I cannot understate how much the classic noise-rock and grunge-era tour documentary meant to me and opened my mind, heart and ears to a lifetime of appreciating bands with edge, passion and a feminist streak, not to mention the joy of seeing Sonic Youth’s Kim Gordon clowning around with Kurt Cobain.
I never thought decades later I would get a chance to talk to Gordon myself. Her fabulous noise landscape painting band Body/Head (with fellow guitarist Bill Nace) has a sophomore record called The Switch out on indie giants Matador Records as of July 13. It is an unromanticized-yet-meditative collection of moody guitar swells and poetic fragments as well as an excellent boundary-pushing follow-up to their 2013 debut Coming Apart and 2016 live album No Waves.
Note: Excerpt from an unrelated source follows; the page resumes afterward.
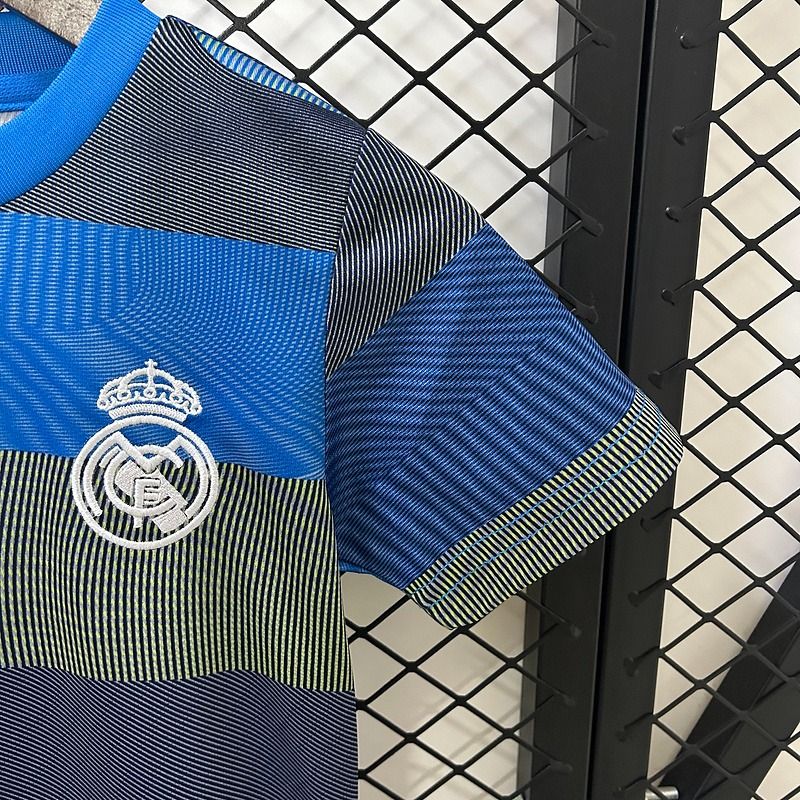 Kid Size Real Madrid 2025-2026 training - Image 6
It was a genuine pleasure for myself and my partner Elizabeth Gomez (a.k.a. psych folk singer Globelamp) to interview Kim and Bill before their upcoming BSP Kingston back room theater appearance on Friday, July 20.
Morgan Evans: BSP is a great, non-corporate venue that has grown out of community love and involvement. How did you end up stopping here?
Bill Nace: Someone offered for us to play there and it fit into our routing. I don’t know much about Kingston. I saw Television once. My friend Angel [Deradoorian] opened. There is a poet, Ben Estes, who actually used to live with Kim who I think lives up there now and runs a publishing imprint called The Song Cave. Is Grasshopper from Mercury Rev still there?
Morgan: Yeah, he’s my friend! I am hoping he will do a song with me on my next Walking Bombs album. Kim, I wanted to know if you saw The Center Will Not Hold documentary on Netflix about Joan Didion. I know you mentioned her in your memoir, Girl in a Band. Did you like it?
Kim Gordon: I did. I thought it was pretty fluffy, but I liked learning she would get up in the morning and wear her dark glasses to have a Pepsi for breakfast.
Morgan: I remember that part! It was amazing! Your music in Body/Head is so expansive. There is a lot of debate right now about visibility and why music called “experimental” is often given that category when it is made by white people and not by other races. Everyone can experience things in a unique way, even through a pop song. What was some formative music that made you start to dissect music in a different way and opened your mind? Your records are kind of an experience rather than someone performing a genre.
Bill Nace: That’s a big one. I think experimental is such a weird phrase. We are not experimenting. We know what we are doing. Experimental is like a word that is seen in contrast with pop music. I never feel like I am commenting on pop music or trying to deconstruct that. It is more our own thing. Everyone thinks of pop music as the norm but that doesn’t have to really be the case. There are unlimited access points into music.
Elizabeth Gomez: Kim, I’ve been in the music scene only a little bit and have encountered a lot of sexism. I can only imagine how much you have, being such a pillar in the scene for so long. As a rock icon, do you have any advice for women who want to keep focusing on their art and drown that stuff out?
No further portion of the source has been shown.